What does search indexing index?
The search index built at the end of the reload applies only to the Smart Search at the top of the user interface. Regardless of search indexing settings, you can still search and filter by any field individually in dimensions, filter panes, or the selection pane.
Exploring the search indexing options
Script complexity | Reload time | Extra user wait time | Search time | Search result quality | |
---|---|---|---|---|---|
Create search index during reload | ✓ | ✕ | ✓ | − | − |
Create search index on first search | ✓ | ✓ | ✕ | − | − |
Index during reload, but only included fields | − | ✓ | ✓ | ✓ | ✓ |
Index everything on reload
How to implement
SET CreateSearchIndexOnReload = 1;
When you create a new app, this variable and value are already set, by default, in the system variables. So do nothing, basically.
Result and recommendation
Some time is added to the end of the reload while all fields in the data model are indexed for Smart Search. Users can get immediate results, but search may take longer and there may be more noise in the results because every field was indexed.
For small-to-medium data sets, this may be perfectly fine.

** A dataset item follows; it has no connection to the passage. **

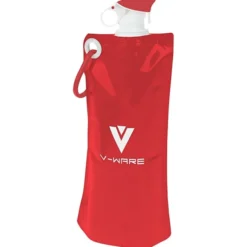 Flip Top Folding Bottle - 27 oz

Delay indexing until the first search is executed
How to implement
SET CreateSearchIndexOnReload = 0;
Result and recommendation
No time is added to the end of the reload for search indexing. When the first user attempts his or her first search, they will wait for the indexing to happen. The searches may also take longer and there may be more noise in the results because every field was indexed.
While this is generally a bad combination of outcomes and one we do not recommend for a typical user-facing application, it can sometimes be appropriate to disable. We disable search indexing on reload in all our QVD generators, as a standard practice. While tiny, this would be wasted compute for whatever metadata is in the QVD generator’s data model. Some Qlik solutions may not expose the global search bar at all, like mashups, embedded solutions, or custom web apps, so there may be no cost to disabling it in those scenarios. And of course you can disable it during development, before you publish.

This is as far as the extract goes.